**PROBLEM DESCRIPTION**. Copy out the data exactly as it appears, without a single image.

DATA EXTRACT Block Start

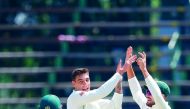 South African bowler Duanne Olivier (C) celebrates the dismissal of Pakistan batsman Sarfraz Ahmed (not in picture) during the fourth day of the third Cricket Test match between South Africa and Pakistan at Wanderers cricket stadium on January 14, 2019 in
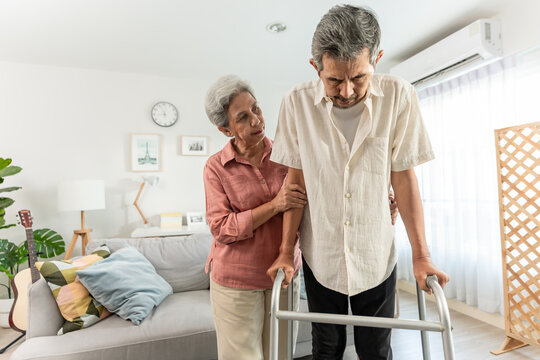 Asian attractive senior woman support elderly man walking with walker. - Powered by Adobe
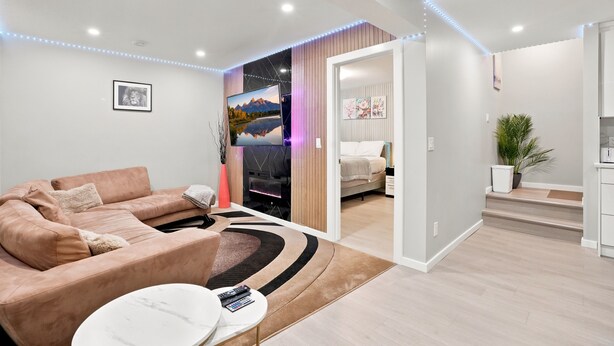 Uma sala de estar moderna com sofá, mesa de centro e televisão. Uma escada leva a outro cômodo.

DATA EXTRACT Block End

**RESULT OF THE TASK**.
 South African bowler Duanne Olivier (C) celebrates the dismissal of Pakistan batsman Sarfraz Ahmed (not in picture) during the fourth day of the third Cricket Test match between South Africa and Pakistan at Wanderers cricket stadium on January 14, 2019 in
 Asian attractive senior woman support elderly man walking with walker. - Powered by Adobe
 Uma sala de estar moderna com sofá, mesa de centro e televisão. Uma escada leva a outro cômodo.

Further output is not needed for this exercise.